Hold your arm out in front of you and then, whenever
you feel like it - of your own free will - flex your
wrist. Do it several times and watch what happens in
your own mind. You may feel as though you first
consciously decided to move, and then moved. It feels
as though the conscious decision caused the action.
Trying it for yourself helps with thinking about
Libet s famous experiment on voluntary action (Libet
1985). Libet asked people to do just this, while he
systematically measured the timing of three things. 1.
The start of the action - using electrodes on the
wrist. 2. The start of the readiness potential in
motor cortex - using electrodes on the scalp. 3. The
decision to move - using a revolving spot on a clock
face (subjects had to say where the spot was when they
consciously decided to act). The last of these was the
most controversial but subsidiary experiments showed
that people are able accurately to time external
stimuli this way. The assumption is that they could do
the same with their own private decisions.

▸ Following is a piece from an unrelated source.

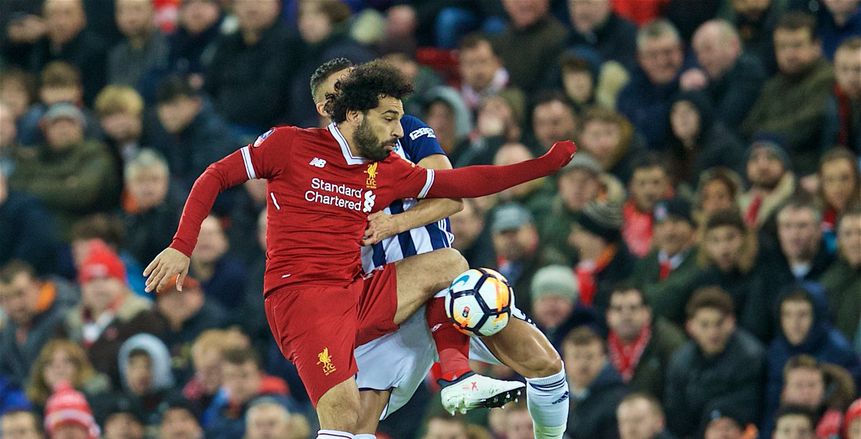 بالفيديو|"صلاح"يسجل في وداع ليفربول لكأس الاتحاد أمام ويست بروم "حجازي"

So - which came first? The decision to move, or
activity in motor cortex? The answer was more dramatic
than anyone expected. The brain activity began about
500 milliseconds, or half a second, before the person
was aware of deciding to act. It seems that the
conscious decision came far too late to be the cause
of the action; as though consciousness is a mere
afterthought. Odd though this might seem, it fits with
previous experiments on exposed brains, in which Libet
demonstrated that about half a second of continuous
activity in sensory cortex is needed for a person to
become aware of a sensory stimulus (Libet 1981). This
implies the odd conclusion that consciousness lags
behind the events of the world. But, Libet argued,
once events reach neuronal adequacy (i.e. half a
second of activity) they are subjectively referred
back to the time of the initial evoked potential. So
even though consciousness takes half a second to build
up, events still seem to happen in real time.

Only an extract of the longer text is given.